Purchasing an Erhu – Part VI

Erhu Scrolls

Erhu Necks

I returned to Jinling Lu with Mei’s mother’s surgeon’s son, a ballet dancer with street smarts who had his informed friends from a music academy on the phone while we browsed and haggled for erhus. His friends claimed that erhus without a brand name  are dubious and the wood would be likely to warp within a few years. That’s when I abandoned my inclination for the fake peach wood erhu I had found at the other shop. Unfortunately, as ornate as the erhu necks above may be, only the one with the Boa Skin Musical Instrument Registration card can be exported to the United States.

My Erhu Seller

By chance, we found the dealer above, whom I trusted more than anyone else I met on Jinling Lu. At his shop, I chose an erhu produced by Shanghai No.1 Musical Instruments Factory with a good sound for its price and bought it only after hearing the dealer play a beautiful melody on it. I made sure it came with a registration card as well as the necessary government export certificate.
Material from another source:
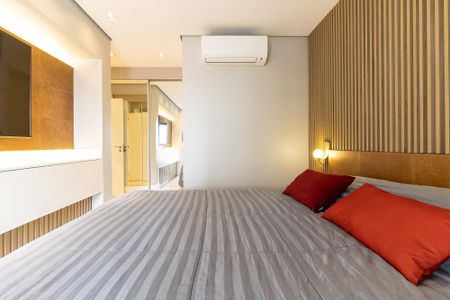 Apartamento à venda com 99m², 2 quartos e 2 vagas Apartamento à venda com 99m², 2 quartos e 2 vagasSuíte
The case also came with bow rosin, extra bridges and padding, 2 sets of strings, a tuner keychain, and a VCD that lectures on how the traditional Chinese erhu is the best instrument ever made. There was a little nick on the body, though. If I would have pointed this out to dealers at other shops, they’d state that such things don’t matter and just talk the instrument up or desperately drop the price another 5 Yuan. Instead, this guy polished the nick with a repair kit at the shop and it looked fine.

Sichuan Meal

Lastly, as with all adventures, the search for an erhu ended with a feast. Above are three spicy Sichuan dishes: cold chicken, minced lamb, and some rice derivative. As I ate, I was choking on both the spice in the food and in the air of the restaurant.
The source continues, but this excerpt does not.